WHAT TO WORK ON
Set down exactly the lines below, from the one containing "Loupe De Poche" through the final line, and include no others.

THE RECORDS

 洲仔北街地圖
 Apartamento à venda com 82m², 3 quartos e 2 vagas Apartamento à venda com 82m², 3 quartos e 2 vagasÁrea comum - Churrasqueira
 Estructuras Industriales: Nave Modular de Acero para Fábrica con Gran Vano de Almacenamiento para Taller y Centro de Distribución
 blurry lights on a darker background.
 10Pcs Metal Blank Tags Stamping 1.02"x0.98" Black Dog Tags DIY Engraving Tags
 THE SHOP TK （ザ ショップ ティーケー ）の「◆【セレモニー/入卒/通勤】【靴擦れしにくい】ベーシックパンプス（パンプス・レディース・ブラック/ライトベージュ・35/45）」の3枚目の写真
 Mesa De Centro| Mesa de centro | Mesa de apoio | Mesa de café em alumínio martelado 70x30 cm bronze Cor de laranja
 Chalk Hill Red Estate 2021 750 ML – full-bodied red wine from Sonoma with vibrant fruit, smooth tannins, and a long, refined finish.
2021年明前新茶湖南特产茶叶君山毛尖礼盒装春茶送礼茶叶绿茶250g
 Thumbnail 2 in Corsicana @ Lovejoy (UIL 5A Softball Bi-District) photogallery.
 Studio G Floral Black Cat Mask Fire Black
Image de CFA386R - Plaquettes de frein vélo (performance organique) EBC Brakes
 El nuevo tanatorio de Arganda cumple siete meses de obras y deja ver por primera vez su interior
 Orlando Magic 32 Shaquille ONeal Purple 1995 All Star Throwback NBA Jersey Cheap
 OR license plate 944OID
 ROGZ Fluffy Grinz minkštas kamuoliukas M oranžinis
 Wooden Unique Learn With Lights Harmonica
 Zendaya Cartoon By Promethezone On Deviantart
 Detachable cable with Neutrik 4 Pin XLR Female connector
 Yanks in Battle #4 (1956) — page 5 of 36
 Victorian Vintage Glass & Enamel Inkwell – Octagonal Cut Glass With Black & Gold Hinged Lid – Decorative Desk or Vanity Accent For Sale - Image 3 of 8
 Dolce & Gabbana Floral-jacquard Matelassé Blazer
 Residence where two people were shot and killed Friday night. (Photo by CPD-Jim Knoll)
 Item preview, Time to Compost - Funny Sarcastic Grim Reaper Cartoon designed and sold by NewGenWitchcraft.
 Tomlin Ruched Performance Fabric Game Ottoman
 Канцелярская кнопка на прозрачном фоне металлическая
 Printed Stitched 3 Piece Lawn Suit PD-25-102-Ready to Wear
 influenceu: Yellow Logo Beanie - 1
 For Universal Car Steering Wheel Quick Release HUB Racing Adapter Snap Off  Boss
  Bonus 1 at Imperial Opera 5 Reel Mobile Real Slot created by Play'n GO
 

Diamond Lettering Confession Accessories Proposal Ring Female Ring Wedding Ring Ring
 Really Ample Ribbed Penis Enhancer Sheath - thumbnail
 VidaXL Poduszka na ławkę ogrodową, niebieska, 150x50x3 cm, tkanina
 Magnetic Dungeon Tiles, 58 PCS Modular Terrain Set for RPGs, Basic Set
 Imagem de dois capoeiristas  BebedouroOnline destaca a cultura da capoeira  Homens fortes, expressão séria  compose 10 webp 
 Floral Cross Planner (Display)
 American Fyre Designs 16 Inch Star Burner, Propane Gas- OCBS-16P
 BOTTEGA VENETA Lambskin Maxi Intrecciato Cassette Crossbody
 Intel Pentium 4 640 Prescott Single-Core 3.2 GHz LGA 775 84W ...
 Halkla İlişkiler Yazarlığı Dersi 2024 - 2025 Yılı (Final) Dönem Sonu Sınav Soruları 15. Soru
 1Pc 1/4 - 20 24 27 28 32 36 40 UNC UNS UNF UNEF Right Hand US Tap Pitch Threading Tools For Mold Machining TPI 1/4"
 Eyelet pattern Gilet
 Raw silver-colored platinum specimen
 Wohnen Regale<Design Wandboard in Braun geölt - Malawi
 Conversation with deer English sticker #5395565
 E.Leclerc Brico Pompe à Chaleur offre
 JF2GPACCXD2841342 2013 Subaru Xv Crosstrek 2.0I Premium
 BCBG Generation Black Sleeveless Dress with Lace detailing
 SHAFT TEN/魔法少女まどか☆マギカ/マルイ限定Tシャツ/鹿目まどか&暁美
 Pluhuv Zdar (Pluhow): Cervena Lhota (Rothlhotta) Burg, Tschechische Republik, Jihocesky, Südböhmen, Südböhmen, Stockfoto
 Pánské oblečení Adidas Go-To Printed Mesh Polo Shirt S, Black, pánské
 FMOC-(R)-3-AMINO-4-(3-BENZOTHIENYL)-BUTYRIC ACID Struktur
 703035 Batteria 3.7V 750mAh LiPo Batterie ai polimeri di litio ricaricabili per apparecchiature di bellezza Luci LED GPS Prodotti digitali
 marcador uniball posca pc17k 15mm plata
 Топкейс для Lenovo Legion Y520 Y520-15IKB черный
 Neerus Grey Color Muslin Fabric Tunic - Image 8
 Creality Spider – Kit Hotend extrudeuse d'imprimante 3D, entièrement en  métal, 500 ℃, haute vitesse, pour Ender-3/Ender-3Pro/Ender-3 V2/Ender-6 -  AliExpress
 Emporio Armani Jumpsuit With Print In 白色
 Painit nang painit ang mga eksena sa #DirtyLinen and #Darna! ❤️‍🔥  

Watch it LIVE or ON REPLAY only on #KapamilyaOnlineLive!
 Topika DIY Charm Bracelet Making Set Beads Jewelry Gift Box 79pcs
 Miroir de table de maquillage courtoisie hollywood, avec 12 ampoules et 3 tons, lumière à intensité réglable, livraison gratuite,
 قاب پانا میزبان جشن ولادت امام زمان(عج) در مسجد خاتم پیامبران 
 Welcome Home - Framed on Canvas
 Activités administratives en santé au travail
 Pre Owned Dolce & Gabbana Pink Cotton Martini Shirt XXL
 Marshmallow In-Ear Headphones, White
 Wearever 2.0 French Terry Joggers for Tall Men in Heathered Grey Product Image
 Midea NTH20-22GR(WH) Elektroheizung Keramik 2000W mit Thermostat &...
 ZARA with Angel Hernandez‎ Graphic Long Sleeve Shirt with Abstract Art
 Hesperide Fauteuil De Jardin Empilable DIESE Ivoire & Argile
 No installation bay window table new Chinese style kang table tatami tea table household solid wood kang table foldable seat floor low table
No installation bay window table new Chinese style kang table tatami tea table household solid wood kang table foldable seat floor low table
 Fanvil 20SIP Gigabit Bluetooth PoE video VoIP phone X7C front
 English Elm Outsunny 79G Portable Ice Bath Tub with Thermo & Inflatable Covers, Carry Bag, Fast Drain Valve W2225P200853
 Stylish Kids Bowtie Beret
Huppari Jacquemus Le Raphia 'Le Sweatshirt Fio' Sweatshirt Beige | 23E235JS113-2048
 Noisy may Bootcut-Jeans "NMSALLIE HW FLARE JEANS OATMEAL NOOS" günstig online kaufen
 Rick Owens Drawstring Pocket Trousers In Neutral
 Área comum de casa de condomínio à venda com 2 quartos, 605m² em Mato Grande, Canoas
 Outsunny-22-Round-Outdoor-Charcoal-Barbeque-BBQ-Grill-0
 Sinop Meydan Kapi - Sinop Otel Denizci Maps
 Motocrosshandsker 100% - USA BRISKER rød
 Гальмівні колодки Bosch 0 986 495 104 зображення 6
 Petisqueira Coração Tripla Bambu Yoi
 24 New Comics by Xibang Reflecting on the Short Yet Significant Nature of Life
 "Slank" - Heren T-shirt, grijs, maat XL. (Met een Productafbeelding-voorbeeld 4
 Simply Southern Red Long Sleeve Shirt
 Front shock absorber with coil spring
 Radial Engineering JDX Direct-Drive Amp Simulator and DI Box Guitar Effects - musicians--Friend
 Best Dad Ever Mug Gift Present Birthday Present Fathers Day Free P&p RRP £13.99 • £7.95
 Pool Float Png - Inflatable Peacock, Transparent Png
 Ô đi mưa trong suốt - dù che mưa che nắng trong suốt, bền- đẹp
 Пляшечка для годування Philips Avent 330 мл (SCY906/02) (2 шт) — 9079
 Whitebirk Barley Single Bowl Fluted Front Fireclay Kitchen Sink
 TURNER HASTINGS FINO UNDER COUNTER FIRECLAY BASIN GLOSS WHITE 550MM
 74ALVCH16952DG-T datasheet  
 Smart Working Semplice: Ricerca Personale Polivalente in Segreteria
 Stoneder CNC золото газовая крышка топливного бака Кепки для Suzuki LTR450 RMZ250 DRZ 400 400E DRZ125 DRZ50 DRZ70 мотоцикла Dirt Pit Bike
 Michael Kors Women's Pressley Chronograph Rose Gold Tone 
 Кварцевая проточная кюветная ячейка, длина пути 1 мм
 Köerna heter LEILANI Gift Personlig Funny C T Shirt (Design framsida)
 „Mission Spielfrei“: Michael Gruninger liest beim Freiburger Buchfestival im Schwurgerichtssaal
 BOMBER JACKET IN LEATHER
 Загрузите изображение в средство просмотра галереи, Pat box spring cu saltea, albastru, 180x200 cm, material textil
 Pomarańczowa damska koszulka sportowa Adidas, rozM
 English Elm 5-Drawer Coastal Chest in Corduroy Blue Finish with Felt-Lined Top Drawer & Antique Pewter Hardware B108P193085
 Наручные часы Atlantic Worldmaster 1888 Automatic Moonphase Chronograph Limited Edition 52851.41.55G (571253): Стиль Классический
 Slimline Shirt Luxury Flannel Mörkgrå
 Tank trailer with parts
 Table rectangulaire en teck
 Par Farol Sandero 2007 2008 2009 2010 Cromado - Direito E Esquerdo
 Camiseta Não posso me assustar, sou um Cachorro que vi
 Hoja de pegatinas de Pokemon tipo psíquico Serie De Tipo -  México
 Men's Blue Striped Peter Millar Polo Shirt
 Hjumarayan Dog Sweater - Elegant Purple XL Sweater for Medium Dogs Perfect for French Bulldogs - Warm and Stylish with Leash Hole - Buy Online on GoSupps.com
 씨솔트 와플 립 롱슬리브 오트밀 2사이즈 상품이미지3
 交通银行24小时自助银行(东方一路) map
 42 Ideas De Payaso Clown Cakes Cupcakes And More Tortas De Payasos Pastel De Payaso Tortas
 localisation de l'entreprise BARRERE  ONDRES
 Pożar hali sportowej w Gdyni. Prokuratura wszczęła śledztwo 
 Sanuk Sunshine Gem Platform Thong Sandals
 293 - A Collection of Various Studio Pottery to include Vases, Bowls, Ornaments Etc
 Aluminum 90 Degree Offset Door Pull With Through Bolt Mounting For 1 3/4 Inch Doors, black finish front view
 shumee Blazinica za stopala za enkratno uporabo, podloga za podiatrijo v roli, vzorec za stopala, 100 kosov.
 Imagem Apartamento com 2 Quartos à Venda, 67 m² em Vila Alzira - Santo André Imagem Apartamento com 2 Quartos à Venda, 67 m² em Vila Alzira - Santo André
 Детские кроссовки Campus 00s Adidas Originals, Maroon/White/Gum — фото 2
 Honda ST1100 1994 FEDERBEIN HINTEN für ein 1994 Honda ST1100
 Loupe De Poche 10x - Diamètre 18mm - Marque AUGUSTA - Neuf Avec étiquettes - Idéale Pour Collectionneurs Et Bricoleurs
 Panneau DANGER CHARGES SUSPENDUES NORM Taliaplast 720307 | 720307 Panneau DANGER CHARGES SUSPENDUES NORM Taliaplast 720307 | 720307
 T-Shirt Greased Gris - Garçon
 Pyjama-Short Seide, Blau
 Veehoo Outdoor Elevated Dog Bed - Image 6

FINISHED EXERCISE
 Loupe De Poche 10x - Diamètre 18mm - Marque AUGUSTA - Neuf Avec étiquettes - Idéale Pour Collectionneurs Et Bricoleurs
 Panneau DANGER CHARGES SUSPENDUES NORM Taliaplast 720307 | 720307 Panneau DANGER CHARGES SUSPENDUES NORM Taliaplast 720307 | 720307
 T-Shirt Greased Gris - Garçon
 Pyjama-Short Seide, Blau
 Veehoo Outdoor Elevated Dog Bed - Image 6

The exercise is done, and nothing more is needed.